When Peou realized how emotionally draining the girl was, she decided to finally cut her off. But it was a difficult task: “When I was trying to cut her off, she would start to gaslight me and tell me that I would not be anything without her. She would constantly tell me that I was the bad person instead of her. It was just really difficult because she was naturally a very aggressive person, so I was scared of her. She also constantly made herself the victim whenever I confronted her, so it was even harder to cut her off,” Peou said. 

It was a difficult process but Peou had friends who supported her to help her through it. They understood the struggle that Peou was going through because they knew what type of person the girl was.

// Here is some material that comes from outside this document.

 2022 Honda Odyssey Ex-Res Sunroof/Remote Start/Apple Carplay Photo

“I had other friends to turn to. They were really understanding and supportive of me. We all knew what kind of a person she was, and it was not the type of person we wanted to hang out with,” said Peou. The support that Peou received helped her confront the girl once and for all.

“One day, I decided to go up and tell her that I did not want to be her friend anymore. The conversation carried over to text. It was a really long conversation, but the confrontation did what it needed to — it let me cut her off. I am glad I stayed resolute with my decision. It was for the better, though, because sooner or later someone had to put her in her place,” she said.

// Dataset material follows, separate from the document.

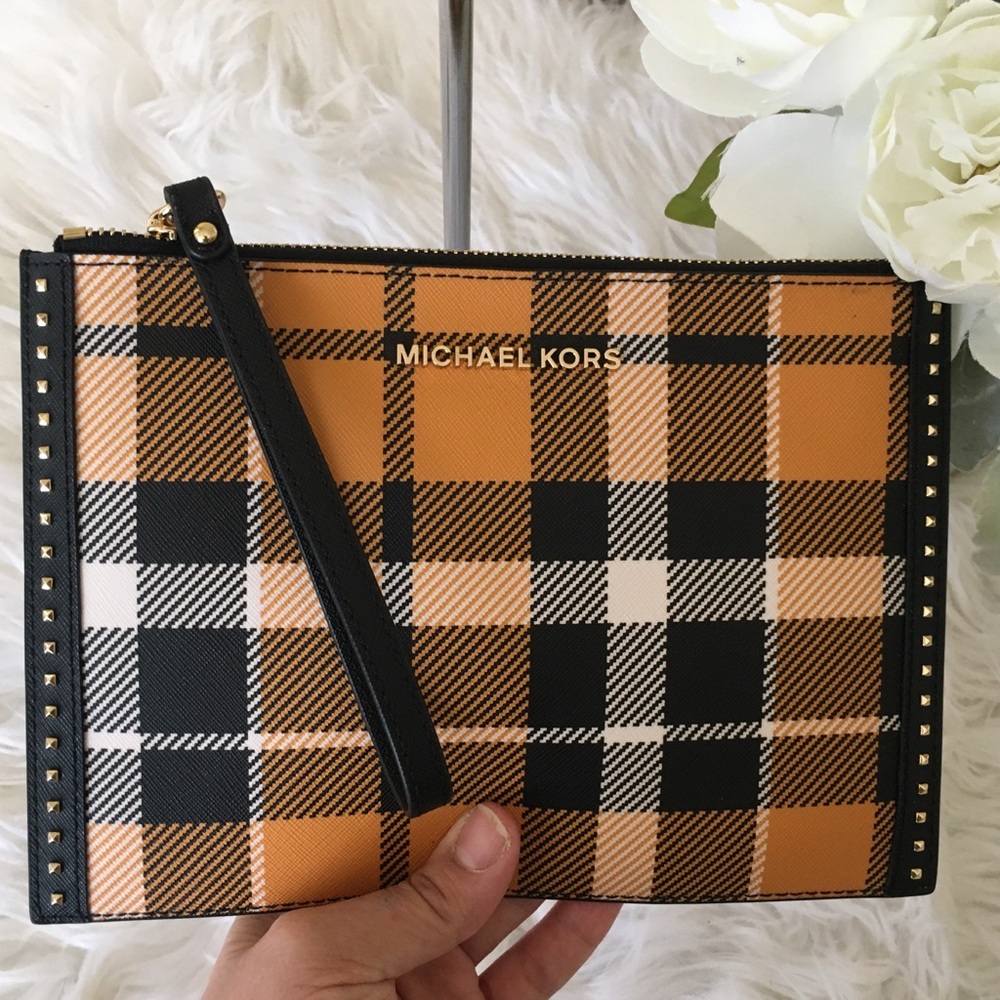 New Michael Kors jet set XL zip clutch / wristlet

Like most of us who have experienced toxic people, Peou felt a heavy weight lift off of her shoulders once the boundary was set. She was able to be herself without anyone restricting her.

“I felt free in a way. I was not being restricted by her opinions, her actions and her competitiveness. I was able to foster my own personality. I became a better person because I learned from her and how not to be like her.  I made sure I was not treating anyone else the way she was treating me,” Peou said.

The toxic friendship may have been a rough spot in Peou’s life but in the end, she learned how to become a better person.

In some toxic friendships, you can slowly see the changes, as Peou did in hers. But that is not always the case. Junior Kenichi Stewart recalls his experience with a friendship that turned toxic without a warning.

After learning from his toxic friendships, Stewart believes that one can notice a toxic person based on the way that they act. (Crystal Li)

“One of the toxic friendships that I experienced was with a buddy of mine. I thought I could trust him with my entire life and he was like a brother to me. Then one day he said that he hated me and that he did not want me in his life anymore. He also started to call me out on a lot of different things,” said Stewart. Because of the sudden personality change, Stewart was left in shock. He felt hurt by his friend’s words but soon retaliated and called his friend out for the things he did wrong in the friendship.

“It was really weird because we have been friends for so long, and I still do not understand what happened. Even though it was strange that our friendship ended like that, I do not have any intention of fixing it because I had given him multiple chances,” said Stewart. Sometimes, a second chance is not worth it in a friendship if it constantly leaves you drained.

Some toxic friendships are more of a slow burn, while others can turn sour in an instant. Either way, they ultimately leave a person overwhelmed and confused. It takes time to heal from a toxic relationship, but a person will become stronger and they will know what personality types to avoid when looking for new friends, as well as how to be a better friend themself.